One can argue that these features support some of the characteristics of object-oriented systems described above. The object type UUID does indeed support some form of abstraction and polymorphism. The important distinction to be made here is that procedural programming is not object-oriented programming, although it can be used to implement an object-oriented programming environment, just as C is often used to implement C++ (that is to say, C++ is often pre-processed into C before compilation).

The analogy between C and C++ is a good one. Many CORBA-conformant ORB vendors (DEC, HP, and IBM, for example) are implementing ORBs on top of DCE. The desirability of the object-oriented approach even within the DCE community is evidenced by several efforts to provide C++ interfaces to DCE [Dilley, Leddy, Mock, Viveney]. The OODCE RFC [Dilley] relates DCE and CORBA as follows:

"...our work focuses on integrating C++ within the existing DCE system infrastructure, simplifying the use of the DCE object model.

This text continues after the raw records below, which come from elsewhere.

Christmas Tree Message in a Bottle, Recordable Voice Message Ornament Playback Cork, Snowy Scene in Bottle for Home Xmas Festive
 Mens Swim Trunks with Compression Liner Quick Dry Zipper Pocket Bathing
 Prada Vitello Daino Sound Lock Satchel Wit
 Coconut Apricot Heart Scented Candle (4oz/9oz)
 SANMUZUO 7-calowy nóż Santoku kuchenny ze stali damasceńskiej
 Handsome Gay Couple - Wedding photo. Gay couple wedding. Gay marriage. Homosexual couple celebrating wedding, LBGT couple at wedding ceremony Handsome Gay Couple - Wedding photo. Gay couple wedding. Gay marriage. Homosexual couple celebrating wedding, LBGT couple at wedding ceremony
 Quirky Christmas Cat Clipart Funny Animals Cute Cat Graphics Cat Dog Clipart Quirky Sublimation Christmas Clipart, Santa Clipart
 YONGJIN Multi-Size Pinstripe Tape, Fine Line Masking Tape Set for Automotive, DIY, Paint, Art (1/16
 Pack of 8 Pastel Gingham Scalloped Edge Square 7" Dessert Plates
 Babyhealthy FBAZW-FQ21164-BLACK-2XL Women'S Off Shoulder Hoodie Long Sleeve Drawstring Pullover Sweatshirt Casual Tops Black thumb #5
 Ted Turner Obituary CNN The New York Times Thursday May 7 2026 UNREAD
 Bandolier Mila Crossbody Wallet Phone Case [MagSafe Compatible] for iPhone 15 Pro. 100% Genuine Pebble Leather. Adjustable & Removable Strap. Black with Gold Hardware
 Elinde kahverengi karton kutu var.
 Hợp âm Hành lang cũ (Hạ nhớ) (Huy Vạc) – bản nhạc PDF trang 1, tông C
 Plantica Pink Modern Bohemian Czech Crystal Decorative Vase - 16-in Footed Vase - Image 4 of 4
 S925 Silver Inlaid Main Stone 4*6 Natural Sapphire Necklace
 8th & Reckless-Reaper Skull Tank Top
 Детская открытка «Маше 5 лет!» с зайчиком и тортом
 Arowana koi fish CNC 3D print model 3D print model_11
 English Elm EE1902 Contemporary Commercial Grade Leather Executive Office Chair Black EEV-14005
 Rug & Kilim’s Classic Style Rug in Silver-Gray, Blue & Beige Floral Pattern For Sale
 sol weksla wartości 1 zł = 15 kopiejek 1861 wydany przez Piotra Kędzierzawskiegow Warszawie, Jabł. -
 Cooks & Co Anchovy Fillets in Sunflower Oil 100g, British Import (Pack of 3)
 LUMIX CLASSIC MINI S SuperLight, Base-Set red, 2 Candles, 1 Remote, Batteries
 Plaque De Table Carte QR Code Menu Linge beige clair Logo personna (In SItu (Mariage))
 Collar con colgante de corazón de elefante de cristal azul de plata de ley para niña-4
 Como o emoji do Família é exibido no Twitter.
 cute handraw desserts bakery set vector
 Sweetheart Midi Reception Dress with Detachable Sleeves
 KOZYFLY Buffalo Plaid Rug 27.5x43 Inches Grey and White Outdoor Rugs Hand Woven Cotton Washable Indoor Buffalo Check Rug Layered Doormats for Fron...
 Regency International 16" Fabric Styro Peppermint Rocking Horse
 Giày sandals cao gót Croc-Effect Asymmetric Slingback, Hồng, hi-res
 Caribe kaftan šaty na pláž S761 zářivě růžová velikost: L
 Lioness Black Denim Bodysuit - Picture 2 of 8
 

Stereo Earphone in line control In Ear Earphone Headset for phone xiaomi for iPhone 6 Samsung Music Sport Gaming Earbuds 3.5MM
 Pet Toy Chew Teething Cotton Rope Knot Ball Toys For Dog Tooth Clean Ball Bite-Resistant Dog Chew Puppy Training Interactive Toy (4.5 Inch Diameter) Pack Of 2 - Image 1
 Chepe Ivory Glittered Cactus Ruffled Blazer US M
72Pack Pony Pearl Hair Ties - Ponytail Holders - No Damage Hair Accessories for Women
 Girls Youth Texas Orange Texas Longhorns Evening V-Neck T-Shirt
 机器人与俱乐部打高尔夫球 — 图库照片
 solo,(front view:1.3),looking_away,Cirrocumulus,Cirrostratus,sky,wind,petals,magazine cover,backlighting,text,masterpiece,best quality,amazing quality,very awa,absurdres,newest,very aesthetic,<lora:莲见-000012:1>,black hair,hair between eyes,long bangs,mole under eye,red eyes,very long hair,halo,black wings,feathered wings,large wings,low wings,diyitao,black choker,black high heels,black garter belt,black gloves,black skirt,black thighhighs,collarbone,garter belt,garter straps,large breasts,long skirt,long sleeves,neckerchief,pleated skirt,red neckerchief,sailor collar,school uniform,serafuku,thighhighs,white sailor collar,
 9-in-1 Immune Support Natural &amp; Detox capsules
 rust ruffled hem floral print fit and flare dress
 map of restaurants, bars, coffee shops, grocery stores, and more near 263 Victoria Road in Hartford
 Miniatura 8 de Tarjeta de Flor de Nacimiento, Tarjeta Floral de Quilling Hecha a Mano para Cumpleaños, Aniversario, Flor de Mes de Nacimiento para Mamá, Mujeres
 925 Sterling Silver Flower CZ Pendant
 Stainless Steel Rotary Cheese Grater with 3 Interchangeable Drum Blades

"OMG CORBA will address creating distributed object systems in C++; some implementations will run on top of DCE. CORBA IDL provides for interface inheritance, which DCE IDL is lacking, and provides a more C++-like syntax for interface specification. The CORBA runtime environment provides a richer set of object invocation and passing than the DCE environment.

"We suggest that our work may assist in the migration from DCE to CORBA by providing an intermediate C++-based distributed object system until CORBA implementations are widely available."

5. Differences Between Individual Capabilities

Although we feel that the most significant difference between DCE and CORBA is in the style of programming each is intended to support, there are inevitable differences between the individual capabilities they provide. For example:

• DCE supports several useful datatypes that CORBA does not support:

  • A varying array in DCE is an array of fixed size, of which only part is passed between client and server; however, the entire array is allocated at the server, which may return more array elements than were passed to it. CORBA has no equivalent datatype; however, equivalent behavior may be obtained using a CORBA sequence.

  • DCE pipes permit very large parameter values to be passed in a series of smaller blocks so that data transmission and processing may be pipelined. CORBA supports no corresponding mechanism for dealing with very large parameter values; the programmer can implement pipelining only by breaking up what might be a single operation conceptually into a series of operations.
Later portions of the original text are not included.